_Exercise goal_
Using the material that follows, output exactly the lines from the one containing "Female legs in white sneakers and jeans" through the one containing "Pope Leo XIV", with both ends kept.

_Source information_
*** Begin section ***

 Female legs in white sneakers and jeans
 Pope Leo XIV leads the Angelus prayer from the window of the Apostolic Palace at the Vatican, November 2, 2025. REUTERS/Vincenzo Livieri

*** End section ***
*** Begin section ***

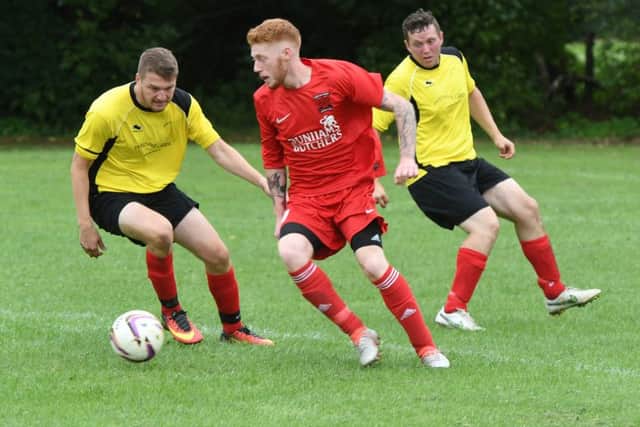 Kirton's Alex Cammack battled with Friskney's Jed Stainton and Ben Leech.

*** End section ***

_Answer to this problem_
 Female legs in white sneakers and jeans
 Pope Leo XIV leads the Angelus prayer from the window of the Apostolic Palace at the Vatican, November 2, 2025. REUTERS/Vincenzo Livieri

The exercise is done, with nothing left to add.